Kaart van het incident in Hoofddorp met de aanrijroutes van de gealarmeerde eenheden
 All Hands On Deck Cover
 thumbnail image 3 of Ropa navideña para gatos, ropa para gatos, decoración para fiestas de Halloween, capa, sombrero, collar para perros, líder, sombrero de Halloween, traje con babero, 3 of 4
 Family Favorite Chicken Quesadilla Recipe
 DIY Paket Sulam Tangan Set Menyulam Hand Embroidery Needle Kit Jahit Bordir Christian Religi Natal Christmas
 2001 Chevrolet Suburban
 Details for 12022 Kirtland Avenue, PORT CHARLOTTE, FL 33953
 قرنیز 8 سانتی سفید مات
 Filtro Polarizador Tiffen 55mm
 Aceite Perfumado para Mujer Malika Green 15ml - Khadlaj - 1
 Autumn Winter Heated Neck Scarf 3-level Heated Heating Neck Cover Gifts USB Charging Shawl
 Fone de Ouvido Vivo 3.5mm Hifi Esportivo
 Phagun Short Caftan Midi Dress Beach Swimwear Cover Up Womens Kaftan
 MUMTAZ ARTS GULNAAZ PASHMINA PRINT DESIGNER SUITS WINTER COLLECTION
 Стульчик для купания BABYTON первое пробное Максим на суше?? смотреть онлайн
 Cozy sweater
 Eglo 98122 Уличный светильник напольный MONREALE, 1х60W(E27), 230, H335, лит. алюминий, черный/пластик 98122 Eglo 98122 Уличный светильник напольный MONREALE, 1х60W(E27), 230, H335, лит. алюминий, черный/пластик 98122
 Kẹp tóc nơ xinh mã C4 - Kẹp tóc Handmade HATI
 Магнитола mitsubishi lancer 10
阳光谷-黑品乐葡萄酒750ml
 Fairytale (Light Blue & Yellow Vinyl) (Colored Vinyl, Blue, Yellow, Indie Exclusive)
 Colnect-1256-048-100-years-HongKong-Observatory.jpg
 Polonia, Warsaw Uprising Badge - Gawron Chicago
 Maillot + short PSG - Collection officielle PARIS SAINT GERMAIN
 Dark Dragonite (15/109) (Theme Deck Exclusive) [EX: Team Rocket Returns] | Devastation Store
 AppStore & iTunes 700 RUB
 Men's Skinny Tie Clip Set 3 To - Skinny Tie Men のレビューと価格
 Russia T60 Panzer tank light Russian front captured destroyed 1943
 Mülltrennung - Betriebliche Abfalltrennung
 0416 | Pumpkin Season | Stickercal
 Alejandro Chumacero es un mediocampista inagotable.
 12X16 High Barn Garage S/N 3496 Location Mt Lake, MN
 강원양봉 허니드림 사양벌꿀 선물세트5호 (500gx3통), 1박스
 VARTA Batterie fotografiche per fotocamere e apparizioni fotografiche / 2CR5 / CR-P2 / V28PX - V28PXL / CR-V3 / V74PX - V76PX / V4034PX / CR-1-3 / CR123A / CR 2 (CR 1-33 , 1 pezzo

▬▬▬▬▬▬▬▬▬▬

What to produce —
Could you return exactly the lines above from the line with "Polonia, Warsaw Uprising" to the line with "강원양봉 허니드림 사양벌꿀 선물세트5호 (500gx3통), 1박스", both included, and nothing else?

Task response —
 Polonia, Warsaw Uprising Badge - Gawron Chicago
 Maillot + short PSG - Collection officielle PARIS SAINT GERMAIN
 Dark Dragonite (15/109) (Theme Deck Exclusive) [EX: Team Rocket Returns] | Devastation Store
 AppStore & iTunes 700 RUB
 Men's Skinny Tie Clip Set 3 To - Skinny Tie Men のレビューと価格
 Russia T60 Panzer tank light Russian front captured destroyed 1943
 Mülltrennung - Betriebliche Abfalltrennung
 0416 | Pumpkin Season | Stickercal
 Alejandro Chumacero es un mediocampista inagotable.
 12X16 High Barn Garage S/N 3496 Location Mt Lake, MN
 강원양봉 허니드림 사양벌꿀 선물세트5호 (500gx3통), 1박스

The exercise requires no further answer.